Many crowded biomolecular structures in cells and tissues are inaccessible to labelling antibodies. To understand how proteins within these structures are arranged with nanoscale precision therefore requires that these structures be decrowded before labelling. Here we show that an iterative variant of expansion microscopy (the permeation of cells and tissues by a swellable hydrogel followed by isotropic hydrogel expansion, to allow for enhanced imaging resolution with ordinary microscopes) enables the imaging of nanostructures in expanded yet otherwise intact tissues at a resolution of about 20 nm. The method, which we named ‘expansion revealing’ and validated with DNA-probe-based super-resolution microscopy, involves gel-anchoring reagents and the embedding, expansion and re-embedding of the sample in homogeneous swellable hydrogels. Expansion revealing enabled us to use confocal microscopy to image the alignment of pre-synaptic calcium channels with post-synaptic scaffolding proteins in intact brain circuits, and to uncover periodic amyloid nanoclusters containing ion-channel proteins in brain tissue from a mouse model of Alzheimer’s disease. Expansion revealing will enable the further discovery of previously unseen nanostructures within cells and tissues.

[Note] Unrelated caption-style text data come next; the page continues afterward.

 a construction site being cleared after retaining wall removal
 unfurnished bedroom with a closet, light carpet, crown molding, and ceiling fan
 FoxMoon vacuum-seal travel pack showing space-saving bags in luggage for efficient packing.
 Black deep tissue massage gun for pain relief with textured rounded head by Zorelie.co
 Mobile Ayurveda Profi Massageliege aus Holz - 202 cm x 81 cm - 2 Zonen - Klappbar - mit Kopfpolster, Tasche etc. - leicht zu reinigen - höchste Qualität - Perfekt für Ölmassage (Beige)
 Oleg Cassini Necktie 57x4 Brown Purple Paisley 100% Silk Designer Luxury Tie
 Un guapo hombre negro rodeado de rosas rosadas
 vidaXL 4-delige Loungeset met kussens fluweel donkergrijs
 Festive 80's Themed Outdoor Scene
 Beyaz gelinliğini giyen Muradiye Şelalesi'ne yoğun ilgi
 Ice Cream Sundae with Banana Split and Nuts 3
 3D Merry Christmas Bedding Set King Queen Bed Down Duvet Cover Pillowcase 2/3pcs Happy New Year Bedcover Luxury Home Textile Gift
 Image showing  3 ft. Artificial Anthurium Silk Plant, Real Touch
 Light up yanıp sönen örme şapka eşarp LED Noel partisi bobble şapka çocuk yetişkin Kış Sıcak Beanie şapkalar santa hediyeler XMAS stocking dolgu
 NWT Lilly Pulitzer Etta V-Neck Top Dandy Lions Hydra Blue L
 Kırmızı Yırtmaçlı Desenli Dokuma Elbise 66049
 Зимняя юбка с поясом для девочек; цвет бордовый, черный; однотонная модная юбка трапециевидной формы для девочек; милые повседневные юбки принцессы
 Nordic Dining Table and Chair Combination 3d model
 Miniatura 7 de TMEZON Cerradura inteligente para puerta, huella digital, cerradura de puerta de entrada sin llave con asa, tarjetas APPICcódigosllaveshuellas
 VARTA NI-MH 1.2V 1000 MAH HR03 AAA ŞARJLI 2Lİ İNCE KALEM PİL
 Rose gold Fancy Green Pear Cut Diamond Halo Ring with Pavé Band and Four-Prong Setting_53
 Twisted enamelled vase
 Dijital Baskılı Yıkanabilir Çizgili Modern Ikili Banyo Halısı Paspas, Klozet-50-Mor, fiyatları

标记抗体无法接近细胞和组织中许多拥挤的生物分子结构。因此，要了解这些结构中的蛋白质如何以纳米级精度排列，需要在标记之前对这些结构进行去拥挤。在这里，我们展示了膨胀显微镜的迭代变体（细胞和组织被可膨胀的水凝胶渗透，然后是各向同性水凝胶膨胀，以允许使用普通显微镜增强成像分辨率）能够在膨胀但其他方面完整的组织中对纳米结构进行成像分辨率约为 20 nm。我们将这种方法命名为“膨胀揭示”并通过基于 DNA 探针的超分辨率显微镜进行了验证，该方法涉及凝胶锚定试剂以及样品在均质可膨胀水凝胶中的嵌入、膨胀和重新嵌入。膨胀揭示使我们能够使用共聚焦显微镜对完整脑回路中突触前钙通道与突触后支架蛋白的排列进行成像，并从阿尔茨海默病小鼠模型中发现脑组织中含有离子通道蛋白的周期性淀粉样蛋白纳米团簇. 扩展揭示将使进一步发现细胞和组织内以前看不见的纳米结构成为可能。